Blind Kiss(35)
He laughed. “You’re funny.”
“I wasn’t trying to be.”
“Will you stop this?” He took a step toward me again but I backed away.
“No. You hurt me and then ten minutes later I was reading the inscription in that damn journal. Man, you got over that sentiment really fast.”
“Can we go back to the way things were?”
“Are you going to address what I just said?”

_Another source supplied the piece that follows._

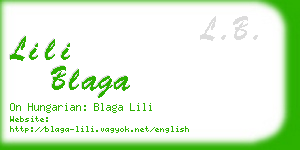 lili blaga business card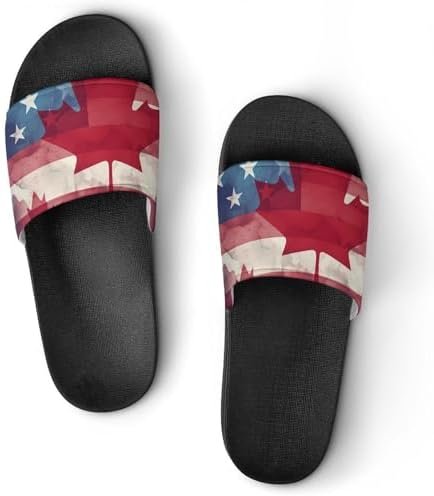 Vintage U.S. and Canada Flag House Sandals Non Slip Slippers Quick Drying Bathroom Shower Shoes for Women Men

It was bright out but freezing. His lime-green Wayfarer sunglasses were sitting crookedly on top of his head. He had a thick flannel jacket over a white T-shirt that read “Chubby, Single, and Ready for a Pringle.” The sun was making his pleading and beautiful eyes look impossibly green. He was perfect. I had told him to date other girls and now he was, and I was feeling exactly how he predicted I would.
“Are you gonna answer me?” he said.
“You didn’t answer me.”
“Can we please go back to the way things were?”
“You mean with or without Lottie?”
He shook his head. “I thought we were keeping it platonic instead of atomic. Isn’t that what you meant?”
He was right. I had meant it at the time because I was scared. Did I still mean it? “She’s pretty,” I said.
“She is.”
I wanted to crumble into a ball and freeze to death in the snow right at his feet. “I have to get to practice,” I told him.
“Do you want to study tomorrow?” he asked. Studying with Gavin usually involved lying around listening to music.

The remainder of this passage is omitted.